I adore this book; there is so much inspiration in it for designs and quilts and colour schemes. I do love my reference library. I almost never read fiction any more, except for Harry Potter and Tolkien. I love autobiographies, history and resource books that get me thinking along new lines.
These birds would make lovely applique designs, and the colours are so rich and sumptuous. Things like this inspire me to look at my fabric stash with a new eye, and to combine colours in ways I wouldn't ordinarily do.
One of Mereth's interest is ornithology, and bird illustration. How many of you have kept a dead Avocet in your freezer while you made proportionally correct sketches over several days? I know I haven't! Last week I found a lovely book on bird illustration and I bought it for her, but I made a point of telling her so she won't buy it for herself before I can post it to her.
I have to go to the hairdresser soon, to get a cut and colour so I can look presentable at the Sydney quilt show next month. I have a dreadful time with hairsalons, as does Meggie. I have felt the depths of despair watching my hair being tarted around by well-meaning girls and boys, confident that they can be the ones to take control. But my hair is all passive resistance. Even as they stand back to survey their work it starts stubbornly curling back to wherever it wants to be. And that's not a good thing. "Have you tried 'product'?" one woman asked disbelievingly, unable to comprehend that my hair will not be controlled. But I don't have the time or lifestyle where I want to slather my head in 'product' and blowdry it into an edifice and then live in dread of rain or humidity. Not me.

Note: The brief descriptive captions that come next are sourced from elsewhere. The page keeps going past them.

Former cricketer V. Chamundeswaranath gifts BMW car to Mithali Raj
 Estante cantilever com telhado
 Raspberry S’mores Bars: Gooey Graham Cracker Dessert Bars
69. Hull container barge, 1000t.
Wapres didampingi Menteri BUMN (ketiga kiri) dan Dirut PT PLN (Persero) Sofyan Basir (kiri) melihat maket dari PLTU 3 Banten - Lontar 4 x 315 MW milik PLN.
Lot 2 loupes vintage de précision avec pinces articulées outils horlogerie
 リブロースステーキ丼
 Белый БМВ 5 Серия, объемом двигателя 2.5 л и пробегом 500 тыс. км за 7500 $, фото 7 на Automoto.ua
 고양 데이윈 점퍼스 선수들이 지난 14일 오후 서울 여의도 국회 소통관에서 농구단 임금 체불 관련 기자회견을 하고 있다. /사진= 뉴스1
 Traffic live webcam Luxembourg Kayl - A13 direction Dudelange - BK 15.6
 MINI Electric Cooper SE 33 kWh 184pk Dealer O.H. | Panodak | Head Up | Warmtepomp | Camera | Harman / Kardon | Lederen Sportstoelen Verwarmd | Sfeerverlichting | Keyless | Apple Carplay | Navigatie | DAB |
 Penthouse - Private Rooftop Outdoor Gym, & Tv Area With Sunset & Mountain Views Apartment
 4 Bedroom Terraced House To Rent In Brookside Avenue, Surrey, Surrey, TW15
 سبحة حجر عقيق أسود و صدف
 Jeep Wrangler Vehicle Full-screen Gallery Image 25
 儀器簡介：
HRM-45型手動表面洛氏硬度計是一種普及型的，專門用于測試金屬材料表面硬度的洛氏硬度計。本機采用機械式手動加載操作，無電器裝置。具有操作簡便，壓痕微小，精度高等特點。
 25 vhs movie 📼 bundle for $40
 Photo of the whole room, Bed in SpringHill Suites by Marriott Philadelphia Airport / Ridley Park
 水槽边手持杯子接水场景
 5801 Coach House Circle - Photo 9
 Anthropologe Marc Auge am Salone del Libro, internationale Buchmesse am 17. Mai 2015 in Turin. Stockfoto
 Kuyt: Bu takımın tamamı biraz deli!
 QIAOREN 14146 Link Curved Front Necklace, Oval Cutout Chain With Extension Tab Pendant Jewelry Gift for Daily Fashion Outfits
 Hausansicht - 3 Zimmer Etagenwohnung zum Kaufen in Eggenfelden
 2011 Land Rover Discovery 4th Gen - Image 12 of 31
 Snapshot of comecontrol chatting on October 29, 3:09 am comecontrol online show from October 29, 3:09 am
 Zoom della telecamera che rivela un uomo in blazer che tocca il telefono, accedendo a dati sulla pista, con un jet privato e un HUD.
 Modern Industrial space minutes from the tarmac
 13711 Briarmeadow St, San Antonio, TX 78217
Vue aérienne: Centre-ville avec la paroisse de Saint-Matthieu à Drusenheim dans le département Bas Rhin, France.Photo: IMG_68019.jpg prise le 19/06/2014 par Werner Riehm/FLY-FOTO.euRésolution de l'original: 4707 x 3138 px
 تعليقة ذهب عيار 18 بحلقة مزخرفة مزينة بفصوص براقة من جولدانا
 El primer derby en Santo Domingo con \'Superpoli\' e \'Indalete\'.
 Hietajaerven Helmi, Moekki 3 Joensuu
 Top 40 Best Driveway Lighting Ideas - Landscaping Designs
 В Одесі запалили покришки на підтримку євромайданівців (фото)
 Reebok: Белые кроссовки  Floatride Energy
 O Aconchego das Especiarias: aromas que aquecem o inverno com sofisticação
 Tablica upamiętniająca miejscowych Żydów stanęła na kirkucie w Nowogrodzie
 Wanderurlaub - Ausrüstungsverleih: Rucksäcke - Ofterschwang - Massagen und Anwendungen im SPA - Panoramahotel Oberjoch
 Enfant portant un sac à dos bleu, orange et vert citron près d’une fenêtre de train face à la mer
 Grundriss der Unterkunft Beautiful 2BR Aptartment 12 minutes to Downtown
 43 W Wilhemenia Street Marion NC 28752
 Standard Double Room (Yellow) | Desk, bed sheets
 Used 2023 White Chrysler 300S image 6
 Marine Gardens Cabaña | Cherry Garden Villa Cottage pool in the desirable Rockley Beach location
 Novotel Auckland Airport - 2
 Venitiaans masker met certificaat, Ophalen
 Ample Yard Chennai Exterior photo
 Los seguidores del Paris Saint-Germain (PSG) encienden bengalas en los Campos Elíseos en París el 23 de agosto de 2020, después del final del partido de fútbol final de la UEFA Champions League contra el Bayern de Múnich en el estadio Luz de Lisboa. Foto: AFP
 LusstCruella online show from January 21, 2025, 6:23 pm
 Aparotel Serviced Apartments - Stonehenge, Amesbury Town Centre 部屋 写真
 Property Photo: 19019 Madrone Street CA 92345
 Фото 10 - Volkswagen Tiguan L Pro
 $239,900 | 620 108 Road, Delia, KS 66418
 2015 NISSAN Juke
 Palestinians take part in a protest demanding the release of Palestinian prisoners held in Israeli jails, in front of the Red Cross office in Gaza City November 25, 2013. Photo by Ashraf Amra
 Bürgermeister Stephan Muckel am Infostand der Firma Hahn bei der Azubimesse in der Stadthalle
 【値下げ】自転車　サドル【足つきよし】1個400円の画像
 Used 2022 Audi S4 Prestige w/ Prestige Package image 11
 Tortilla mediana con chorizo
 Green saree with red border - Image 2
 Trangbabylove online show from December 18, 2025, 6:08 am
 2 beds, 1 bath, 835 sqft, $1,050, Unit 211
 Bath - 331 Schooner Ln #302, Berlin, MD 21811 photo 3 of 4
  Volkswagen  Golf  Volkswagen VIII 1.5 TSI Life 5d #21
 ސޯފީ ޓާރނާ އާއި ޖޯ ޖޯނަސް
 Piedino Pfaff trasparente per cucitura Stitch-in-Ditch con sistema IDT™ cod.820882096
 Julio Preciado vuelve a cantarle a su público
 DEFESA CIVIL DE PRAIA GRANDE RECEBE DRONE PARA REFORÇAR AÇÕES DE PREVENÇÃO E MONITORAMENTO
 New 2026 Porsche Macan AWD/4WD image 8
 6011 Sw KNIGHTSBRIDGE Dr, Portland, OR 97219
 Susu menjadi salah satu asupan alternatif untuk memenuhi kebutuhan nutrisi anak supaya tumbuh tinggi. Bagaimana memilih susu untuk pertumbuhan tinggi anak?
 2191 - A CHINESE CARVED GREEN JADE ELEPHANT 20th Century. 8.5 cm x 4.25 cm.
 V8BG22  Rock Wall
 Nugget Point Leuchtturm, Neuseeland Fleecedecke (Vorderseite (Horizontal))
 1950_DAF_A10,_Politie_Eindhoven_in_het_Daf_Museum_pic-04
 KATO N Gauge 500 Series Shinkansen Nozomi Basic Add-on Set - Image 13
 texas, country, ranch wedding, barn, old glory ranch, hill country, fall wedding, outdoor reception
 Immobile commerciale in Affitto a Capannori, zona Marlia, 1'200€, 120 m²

My last haircut, before my FIL's funeral, left me looking like a Viking warrior in a horned helmet. The hairdresser, having cut it so badly, only charged me $5. Amazingly, the day of the funeral it looked fine, but has misbehaved and given me demonic horns almost every day since. And now it has almost grown long enough to lie down flat, and I have to go back and get it cut again.
So this is what I usually look like when I get out of the hairsalon, right down to that expression.

It's a Hoopoe, if you're interested.